February, typically the slowest sales month of the year, also benefited from weak comparisons with the year-earlier month, when consumers reined in spending during the height of the recession, shopping only for deeply discounted merchandise.
Macy’s same-store sales would have risen 5 percent without the snow, Chief Executive Officer Terry Lundgren said in a statement.
The Thomson Reuters same-store sales index rose 4 percent in February, compared with expectations for a 2.9 percent rise and a year-earlier drop of 4.7 percent. This year’s results were the best for February since 2005, when same-store sales rose 5.7 percent, according to Thomson Reuters.
February sales also showed the biggest gain since November 2007, a month before the recession started, said Michael Niemira, chief economist for the International Council of Shopping Centers. ICSC’s same-store sales index rose 3.7 percent in February, and the group forecast a 2.5 percent increase for March.
March sales will benefit from an earlier Easter than last year.
But the U.S. economic recovery is still tentative. U.S. consumer confidence sagged to a 10-month low in February amid worries about unemployment and government gridlock, which could also cap any rebound in the retail sector.
At the same time, shares of many retailers have had a strong run in the past month and are getting expensive, said Wall Street Strategies analyst Brian Sozzi.
“The discount sector’s stocks still have value, but specialty retailers are coming to the point where they are fully valued -- you want to pull back on some of these stocks,” Sozzi said. “The second half of 2010 will be tough because it will be hard to keep improving their gross and operating margins.”
Teen retailers like Abercrombie and Zumiez were a surprise bright spot as younger customers seemed to take to spring fashion. Sales of denim were strong at chains like Buckle Inc (BKE.N) and Wet Seal WTSLA.O, helping a sector that was expected to lag.
Gap Inc (GPS.N) also surprised as same-store sales rose 3 percent, compared with expectations for a 1.8 percent increase.
Lower-priced retailers also fared well, with Target Corp (TGT.N) posting a 2.4 percent increase, compared with analysts’ expectations for a 1 percent gain.
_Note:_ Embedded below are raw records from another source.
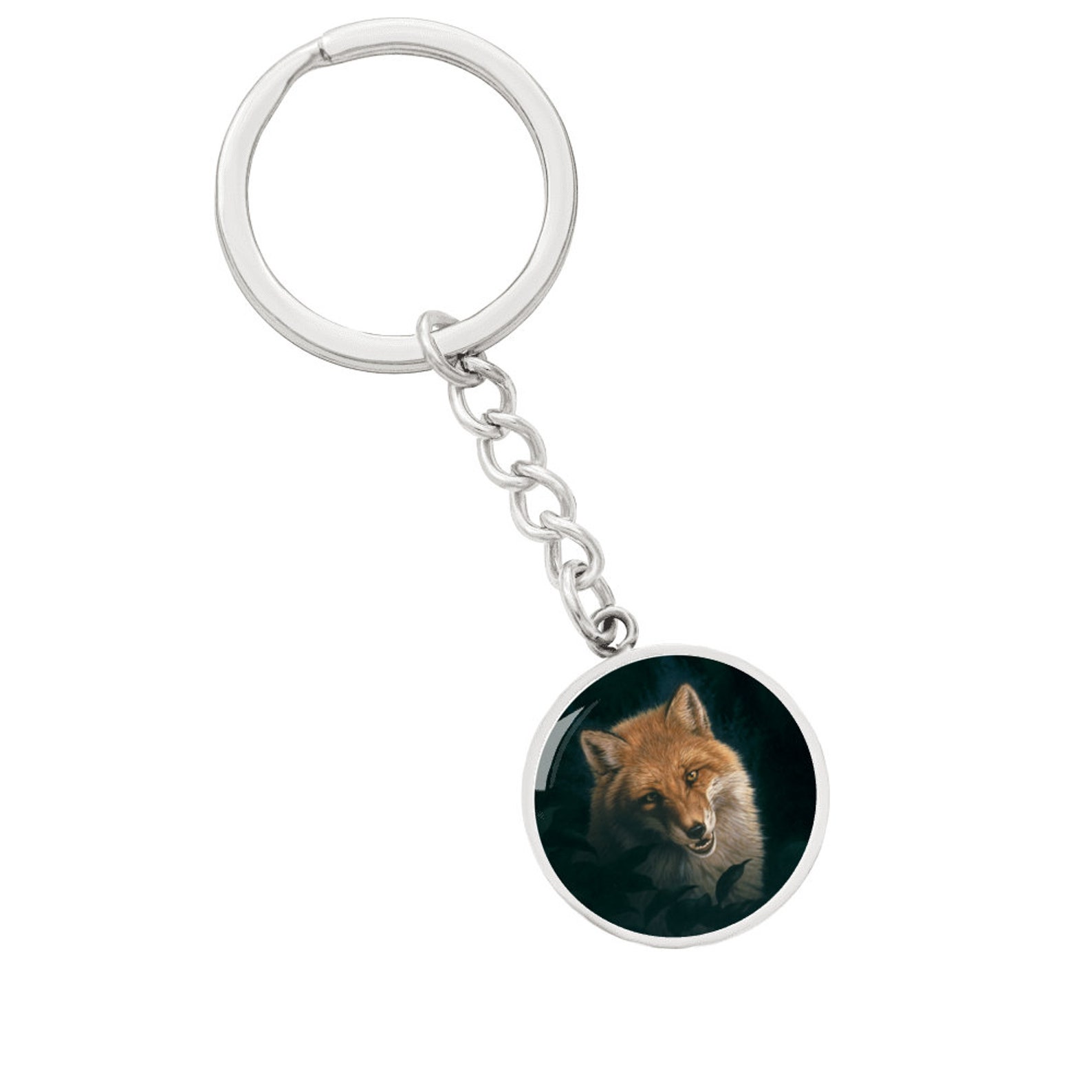 Fox Keychain Personalized Fox Key Chain for Men and Women Etsy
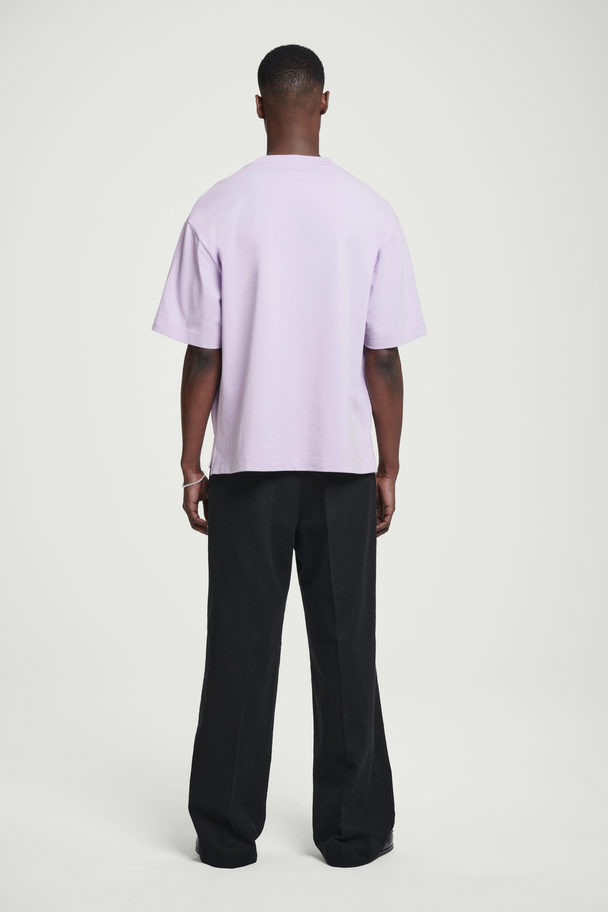 COS Heavy Duty T-shirt Lilac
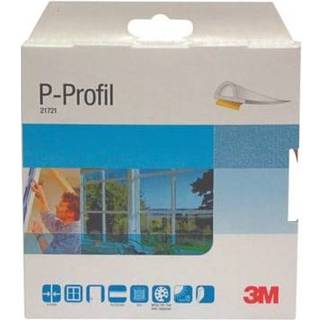 3M Tätningslist P-Profil, självhäftande, brun, 9x5,5 mm, 6 m
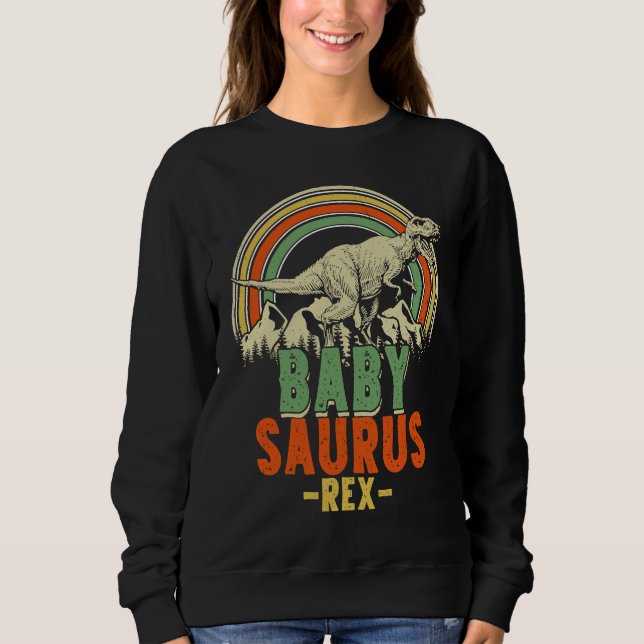 Sweatshirt Babysaurus Rex Christmas Dinosaur Matching Family (Devant)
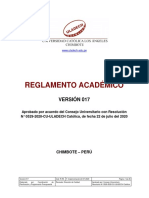 Reglamento Academico v017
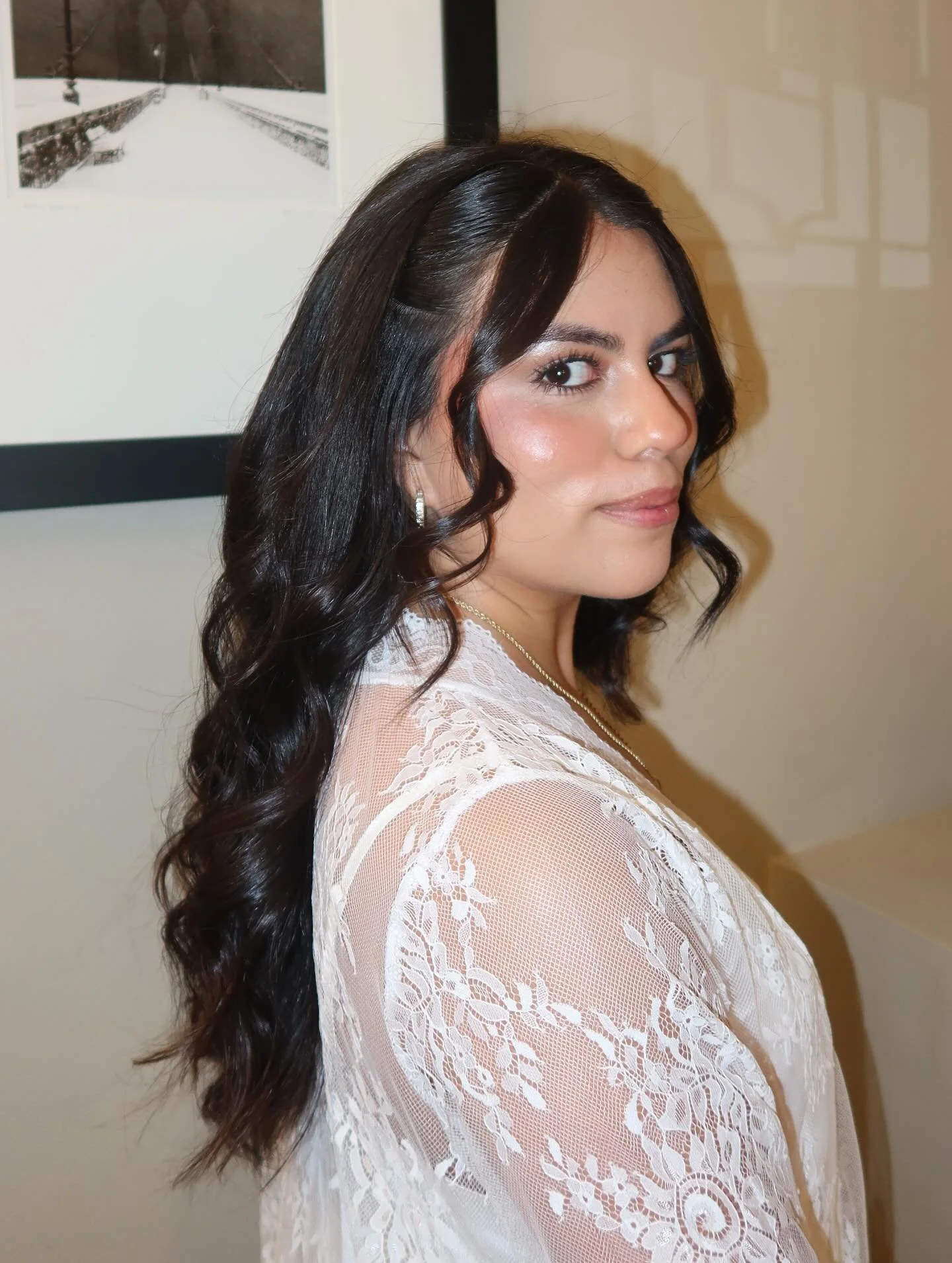 Prettiest bride! 
Hair by Jessica 
@makeup_by_jessicarobertson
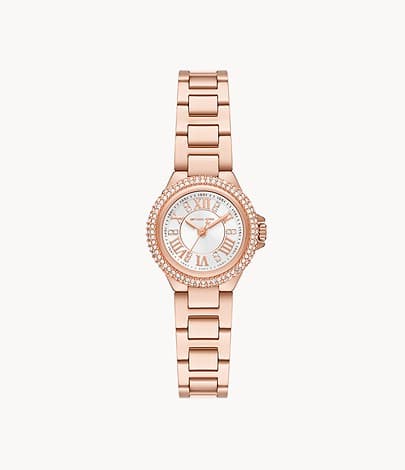 Michael Kors Petite Camille Three-Hand Rose Gold-Tone Stainless Steel Watch MK3253 - Kamal Watch Company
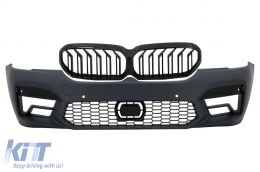 Kit carrozzeria Paraurti per BMW Serie 5 G30 17-19 Luci Griglia M5 LCI Design 2020-image-6098435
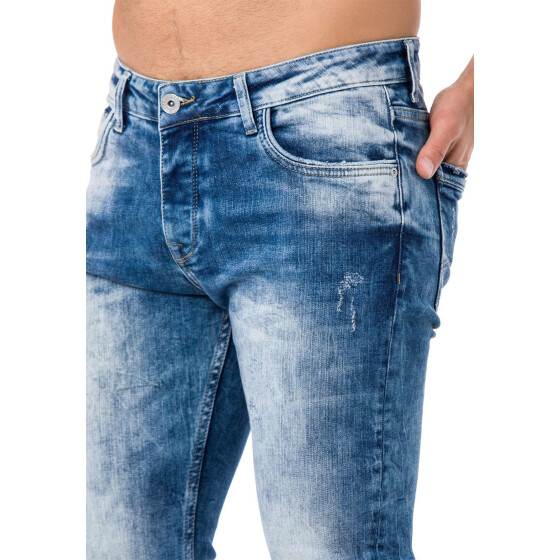 Red Bridge Herren Jeans Hose Denim Pants Blau W36L32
TJX Cos Inc (TJX.N) had a 10 percent rise, beating an 8.9 percent estimate.
Family Dollar posted a same-store sales rise of 3.6 percent for the quarter that ended February 28 and said it expected earnings for the period to beat analysts’ estimates.
Snowfall at times shut down cities like Philadelphia, Baltimore and Washington last month. Even in Manhattan, heavy storms on February 10 and February 25 made it difficult to get around. That may have limited traffic in stores, but the higher selling prices lifted sales, analysts said.
And the snow missed the three-day weekend that included Valentine’s Day and President’s Day, key shopping days in February.
Monthly sales data provide a snapshot at certain retailers but are less reliable as a measure of the economy as a whole, since industry leader Wal-Mart Stores Inc (WMT.N) and other major companies like Best Buy Co Inc (BBY.N) and Amazon.com (AMZN.O) do not report sales figures each month.